Lo que no sabía era que sus cartas estaban destinadas a no llegar nunca.

A sus padres ya los habían enviado a una granja de trabajos forzados, y a su hermano mayor lo habían trasladado a las zonas fronterizas.

Como Gu Yuwei nunca recibió respuesta, empezó a ir al pueblo todos los días, y cada día aprovechaba para que la llevara He Ze.

Con el tiempo, los dos se fueron conociendo bastante.

Pero esa es una historia para otro momento.

Tras más de una semana fuera, He Lang por fin regresó.

Pero no estaba solo; Li Dawei lo había traído de vuelta.
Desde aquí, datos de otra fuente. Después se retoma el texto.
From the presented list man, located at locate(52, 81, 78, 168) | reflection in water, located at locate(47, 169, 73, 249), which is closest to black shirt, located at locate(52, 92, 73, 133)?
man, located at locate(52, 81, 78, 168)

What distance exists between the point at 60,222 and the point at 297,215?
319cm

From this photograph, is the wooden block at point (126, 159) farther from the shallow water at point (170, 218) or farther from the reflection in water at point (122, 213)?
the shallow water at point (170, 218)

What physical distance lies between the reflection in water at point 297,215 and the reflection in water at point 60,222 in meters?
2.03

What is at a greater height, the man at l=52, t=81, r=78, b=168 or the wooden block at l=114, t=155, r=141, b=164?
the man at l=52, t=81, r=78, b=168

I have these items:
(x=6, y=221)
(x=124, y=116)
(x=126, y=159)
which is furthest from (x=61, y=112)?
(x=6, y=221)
No era porque su herida fuera especialmente grave.

Más bien, se había distinguido en el trabajo.

El Capitán Zhang no solo le había hecho fijo antes de tiempo, sino que también le había dado una semana libre para que descansara el brazo herido.

Como Xue Xingzhou estaba usando su bicicleta, Li Dawei insistió en llevarlo a casa.

Era una oferta amable, y desde luego He Lang no la iba a rechazar.

Cuando salían del depósito de transporte, Li Dawei le dijo a He Lang: —Espera, tengo que pasar por la cooperativa de suministro y comercialización para comprar una cosa.

Es la primera vez que visito tu casa.

No puedo presentarme con las manos vacías.

¿Qué pensaría tu mujer de mí?

He Lang se rio entre dientes.

—Adelante.

Compra algo de más.

Con tanta prisa en este viaje, yo tampoco he tenido ocasión de comprarle nada a mi mujer.

Y Li Dawei, honrado como siempre, fue e hizo exactamente eso.

Cuando los dos llegaron al Pueblo Da Liushu, He Lang le señaló dónde estaba su casa.

Li Dawei comentó: —Esta casa está bien construida.

Se parece un poco a los patios siheyuan de la Ciudad de Pekín.

He Lang dijo: —Solo una cosa: no le digas a mi mujer que me herí.

Xue Yue se disponía a preparar la cena.

A los aldeanos les resultaba incómodo cocinar de noche, así que casi todas las familias empezaban a cenar al anochecer.

En cuanto caía la noche, se subían a sus kangs para dormir.